---------- Supplied records ----------

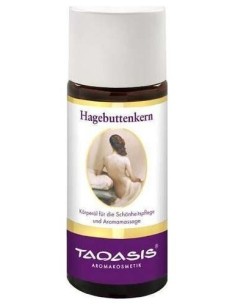 Rosa Mosqueta Aceite Vegetal 50Ml. Bio de Boho 2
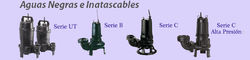 Aguas negras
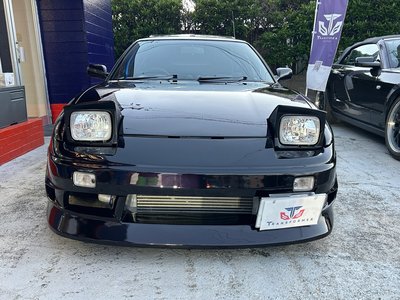 1995 Nissan 180SX — фото 4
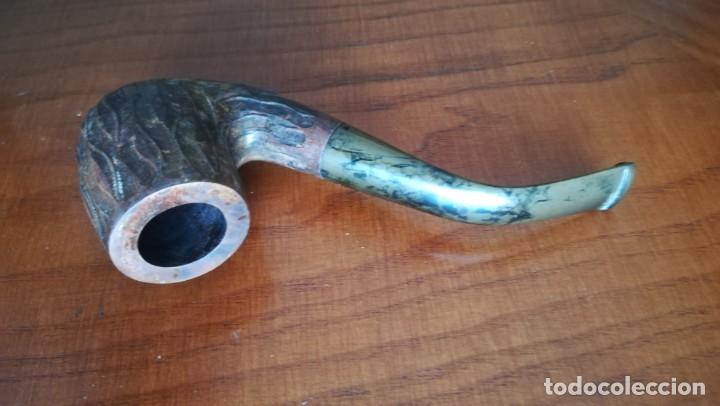 Pipas de fumar: Pipa de fumar tabaco - Foto 3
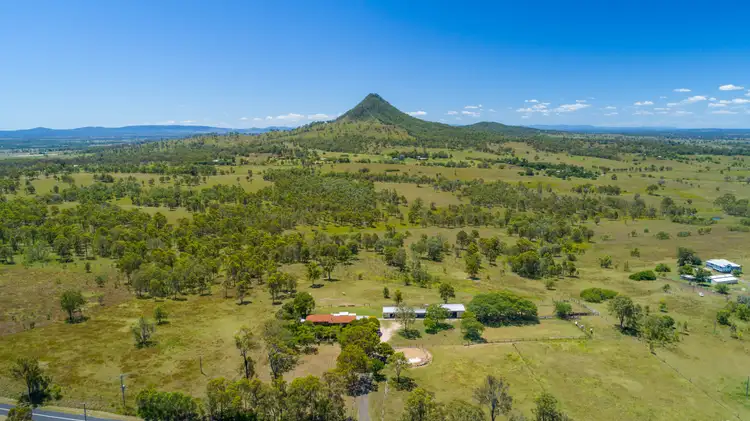 2385 Rosewood-Warrill View Road, Coleyville QLD 4307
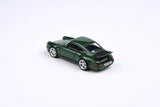 RUF CTR Yellowbird 1987 Irish Green (LHD) - PARA64 - 1:64 - Modelcars Passion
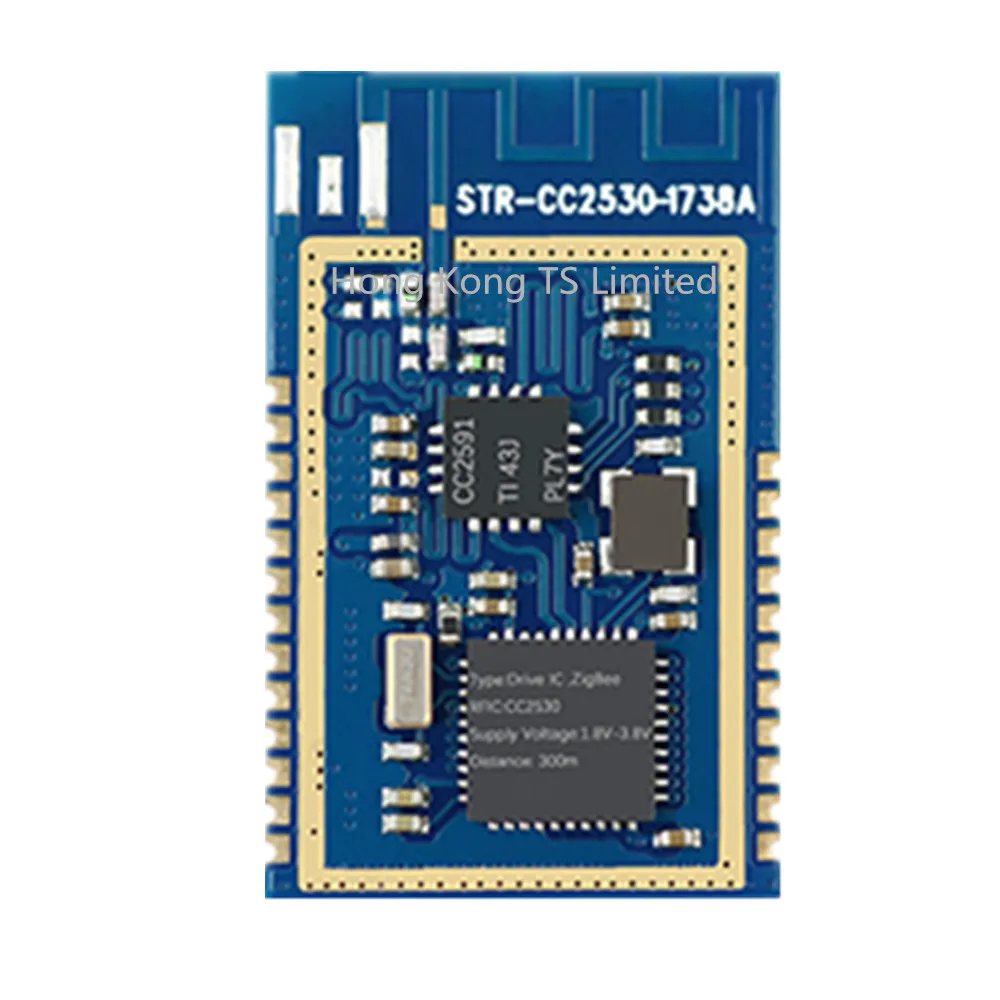 WE1005 1338A 1738A CC2530 ZigBee 2 4G для сетевой сети дистанционный модуль передачи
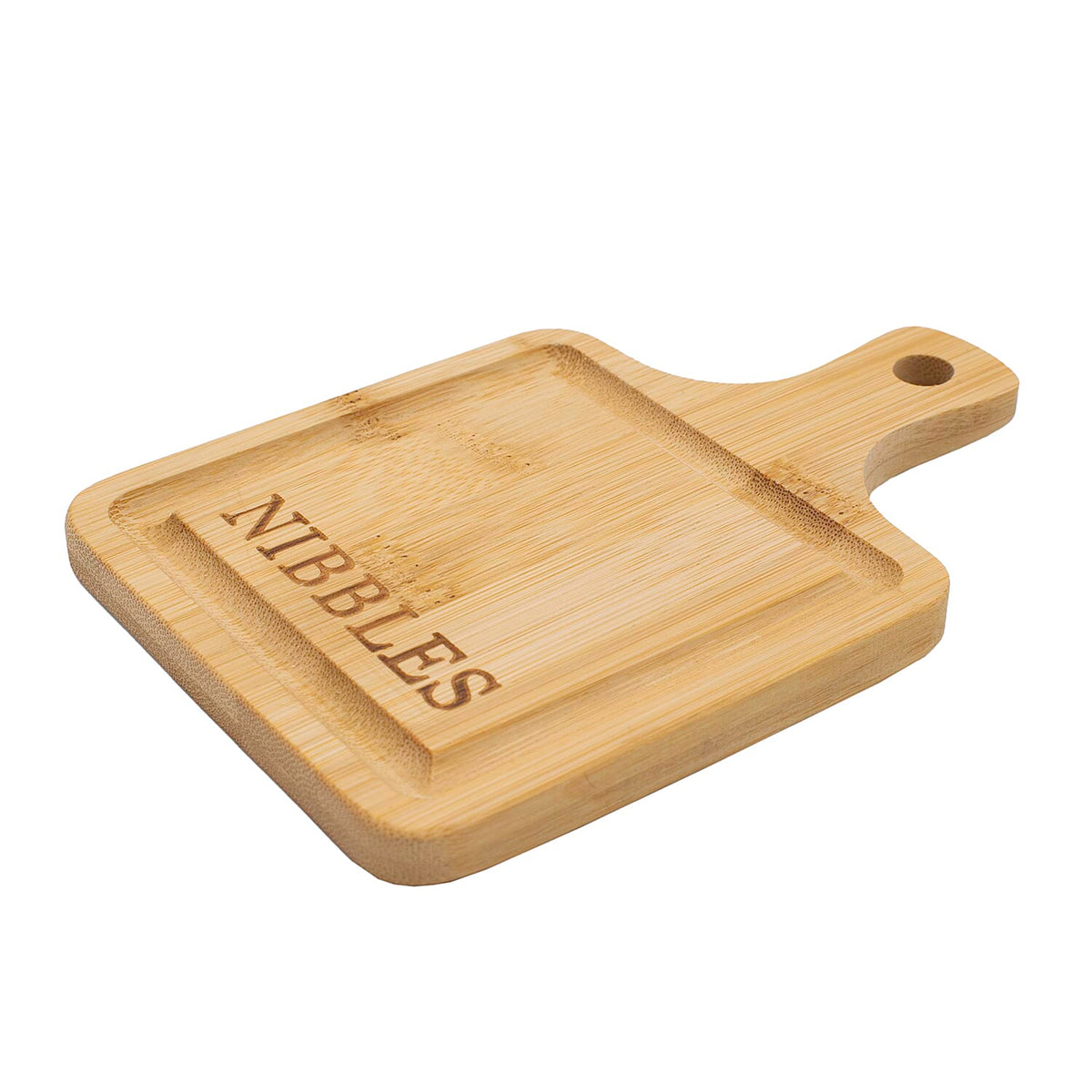 5 Piece Paddle Serving Board 7552987 3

----------

Work to be completed: Repeat every record above exactly, except the pictures.

Answer space:
 Rosa Mosqueta Aceite Vegetal 50Ml. Bio de Boho 2
 Aguas negras
 1995 Nissan 180SX — фото 4
 Pipas de fumar: Pipa de fumar tabaco - Foto 3
 2385 Rosewood-Warrill View Road, Coleyville QLD 4307
 RUF CTR Yellowbird 1987 Irish Green (LHD) - PARA64 - 1:64 - Modelcars Passion
 WE1005 1338A 1738A CC2530 ZigBee 2 4G для сетевой сети дистанционный модуль передачи
 5 Piece Paddle Serving Board 7552987 3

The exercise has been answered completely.